» PROBLEM DESCRIPTION:
Produce exactly the lines from the one holding "Vintage Spacecraft Rocket" through the last line of the data below, with every picture left out.

Image-text web data
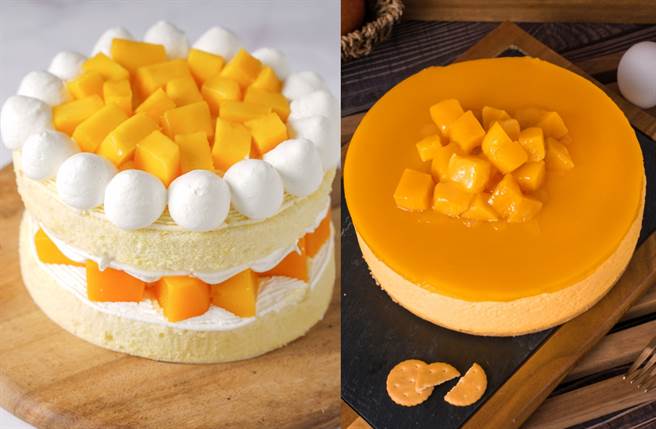 台湾爱文芒果裸蛋糕（左）在蓬松绵密的戚风蛋糕中点缀法国铁塔牌鲜奶油，口感细致迷人。（图／品牌提供）

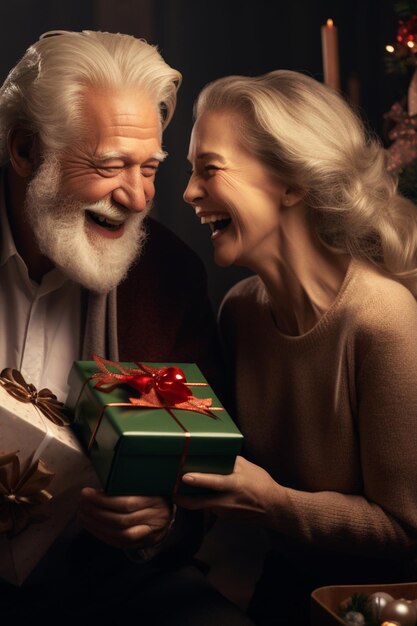 Un vieil homme et une vieille femme heureux avec une boîte à cadeaux.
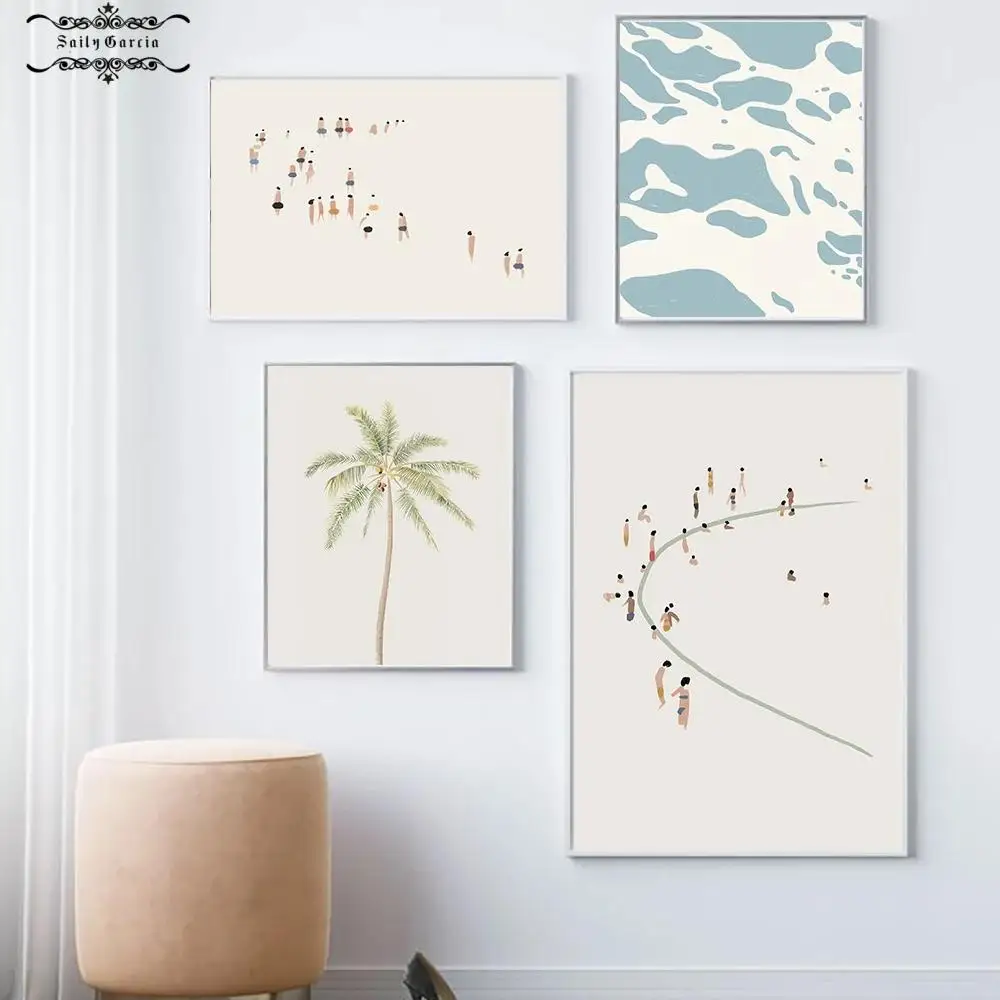 

Абстрактные Волны, плакат, холст, живопись, современный минималистичный художественный Рисунок, морской пляж, принт, береговая комната, для ...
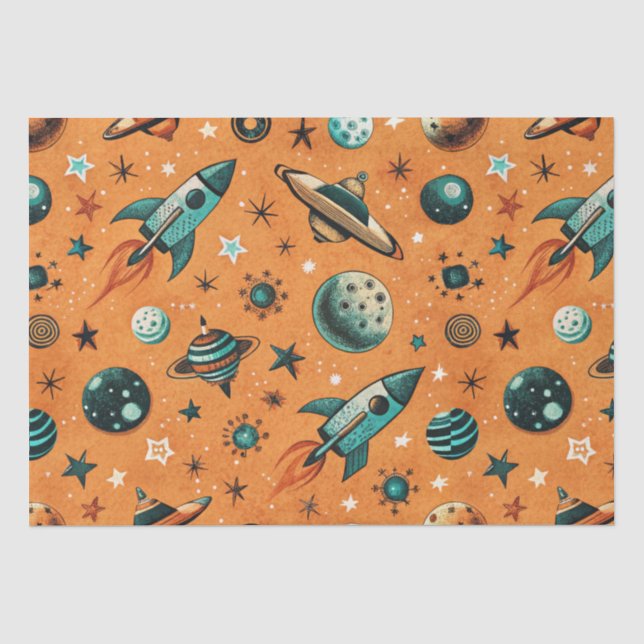Vintage Spacecraft Rocket Ships Pattern -Cosmos Tissue Paper (Front)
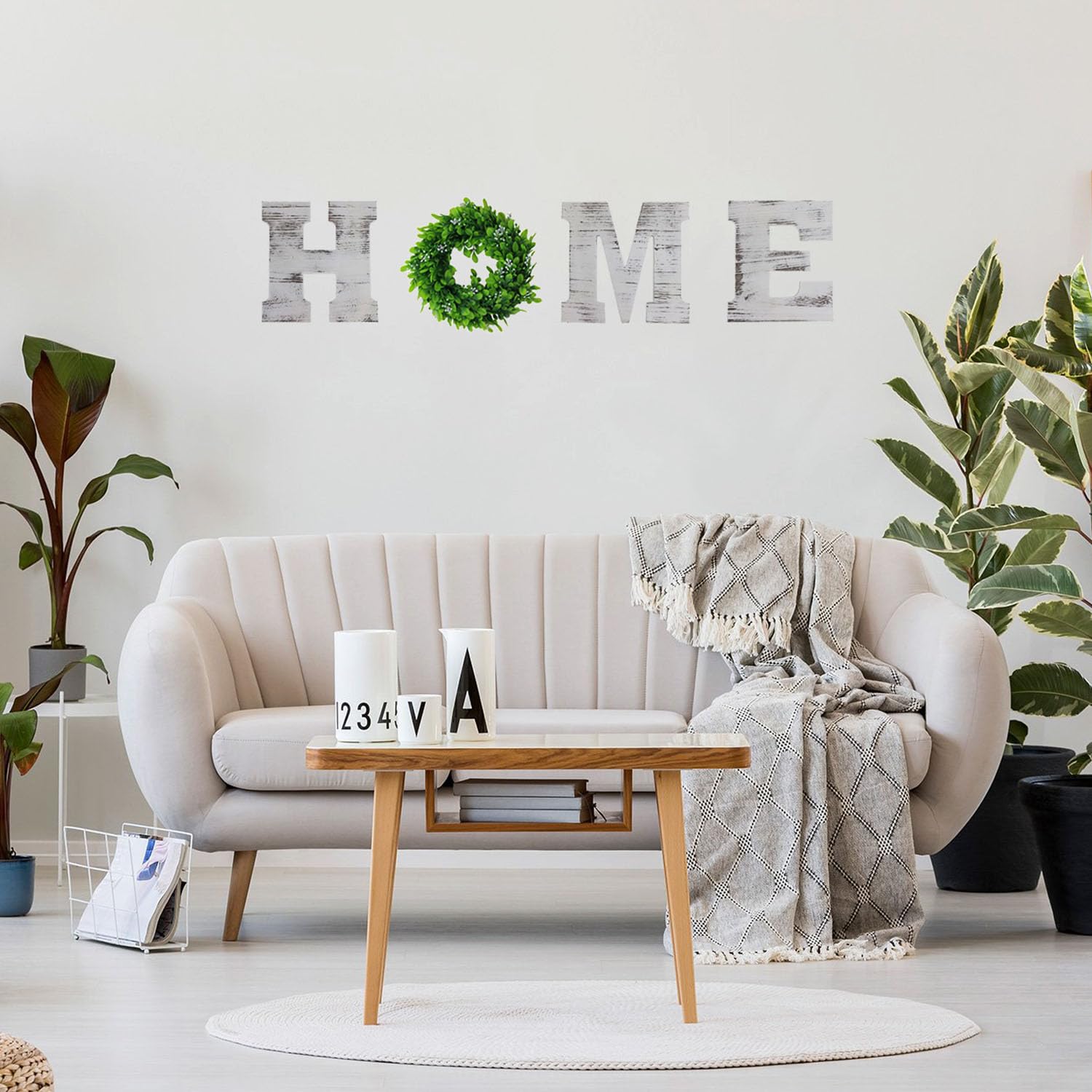 9.8 Inch Rustic Wooden Home Sign with Artificial Wreath - Wall Decor Letters H, M, E, O for Living Room, Front Door & Dining Room - White Farmhouse Style Home Decor Perfect for Housewarming Gifts & Cozy Interior Design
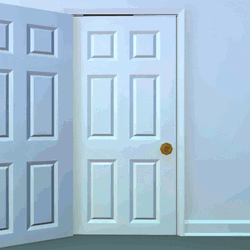 Infinite White Doors Opening GIF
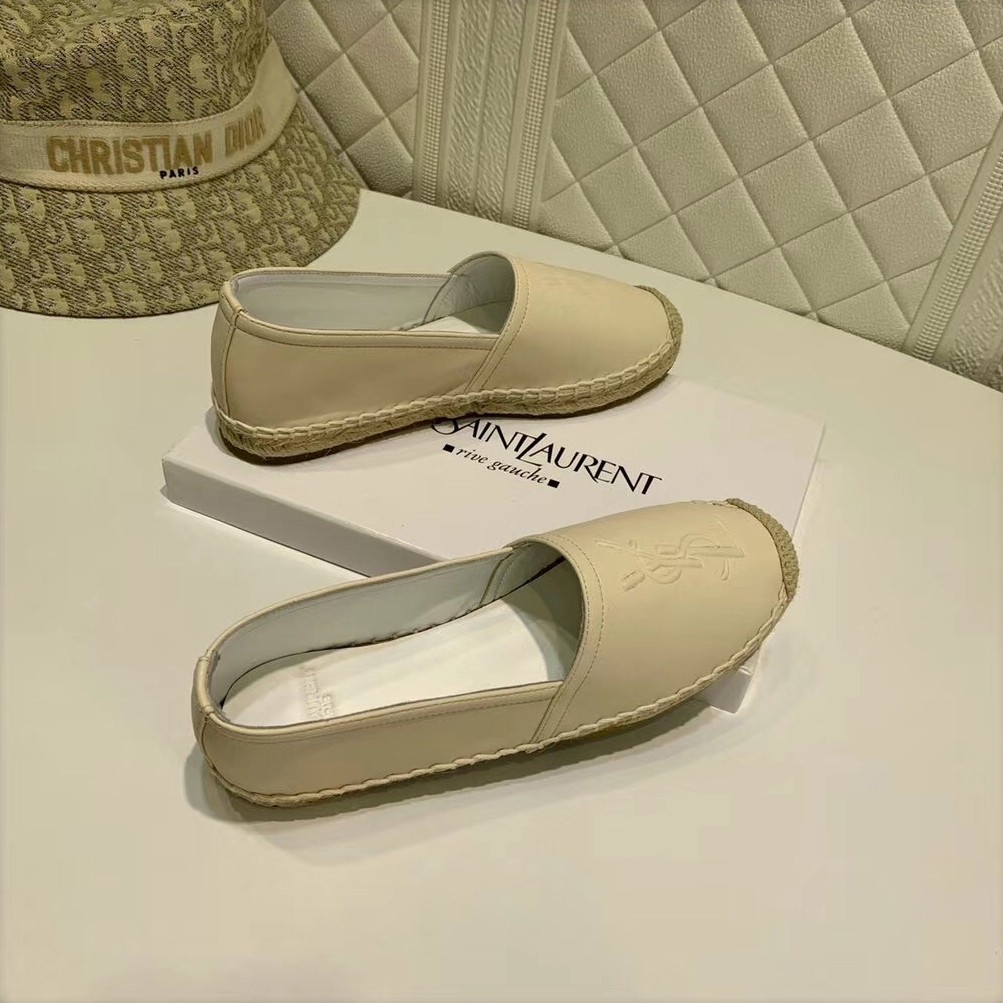 Saint Laurent Monogram Espadrilles In Beige Lambskin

» ANSWER SECTION:
Vintage Spacecraft Rocket Ships Pattern -Cosmos Tissue Paper (Front)
 9.8 Inch Rustic Wooden Home Sign with Artificial Wreath - Wall Decor Letters H, M, E, O for Living Room, Front Door & Dining Room - White Farmhouse Style Home Decor Perfect for Housewarming Gifts & Cozy Interior Design
 Infinite White Doors Opening GIF
 Saint Laurent Monogram Espadrilles In Beige Lambskin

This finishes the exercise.